We leverage the new pangenome reference and multi-genome mapper output to compute a personalized 2-haplotype reference for the input sample.
The computed 2-haplotype reference is used to impute variants, adjust priors probabilities for genotypes in the variant caller, create a new personalized machine learning model and significantly boosts accuracy of variant calling. False negatives are reduced by adjusting genotype priors based on imputed phased variants in the computed haplotypes. False positives are reduced by limiting the impact of noise from other population haplotypes.
To enable personalized variant calling and machine learning, set --enable-personalization
to true (default: false).
Note that this is a beta feature and available only for the germline small variant caller when run with a V4 pangenome reference.
When variants at multiple loci in a single active region are detected jointly, genotyping can benefit. DRAGEN combines loci into a joint detection region if the following conditions are met:
Loci have alleles that overlap each other.
Loci are in the STR region or less than 10 bases apart of the STR region.
Loci are less than 10 bases apart of each other.
Joint detection generates a haplotype list where all possible combinations of the alleles in the joint detection regions are represented. This calculation leads to a larger number of haplotypes. During genotyping, joint detection calculates the likelihoods that each haplotype pair is the truth, given the observed read pileup. Genotype likelihoods are calculated as the sum of the likelihoods of haplotype pairs that support the alleles in the genotypes. Genotypes with maximum likelihood are reported.

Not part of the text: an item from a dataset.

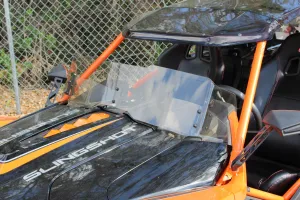TWIST ADJUSTABLE WINDSHIELD (2015-2019 ONLY) FOR POLARIS SLINGSHOT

Joint detection is enabled by default. To disable joint detection, set --vc-enable-joint-detection
to false.
DRAGEN has two algorithms that model correlated errors across reads in a given pileup.
Foreign read detection (FRD) detects mismapped reads. FRD modifies the probability calculation to account for the possibility that a subset of the reads were mismapped. Instead of assuming that mapping errors occur independently per read, FRD estimates the probability that a burst of reads is mismapped, by incorporating such evidence as MAPQ and skewed AF.
Mapping errors typically occur in bursts, but treating mapping errors as independent error events per read can result in high confidence scores in spite of low MAPQ and/or skewed AF. One possible strategy to mitigate overestimation of confidence scores is to include a threshold on the minimum MAPQ used in the calculation. However, this strategy can discard evidence and result in false positives.
FRD extends the legacy genotyping algorithm by incorporating an additional hypothesis that reads in the pileup might be foreign reads (ie, their true location is elsewhere in the reference genome). The algorithm exploits multiple properties (skewed allele frequency and low MAPQ) and incorporates this evidence into the probability calculation.
Sensitivity is improved by rescuing FN, correcting genotypes, and enabling lowering of the MAPQ threshold for incoming reads into the variant caller. Specificity is improved by removing FP and correcting genotypes.
The base quality drop off (BQD) algorithm detects systematic and correlated base call errors caused by the sequencing system. BQD exploits certain properties of those errors (strand bias, position of the error in the read, base quality) to estimate the probability that the alleles are the result of a systematic error event rather than a true variant.
Bursts of errors that occur at a specific locus have distinct characteristics differentiating them from true variants. The base quality drop off (BQD) algorithm is a detection mechanism that exploits certain properties of those errors (strand bias, position of the error in the read, low mean base quality over said subset of reads at the locus of interest) and incorporates them into the probability calculation.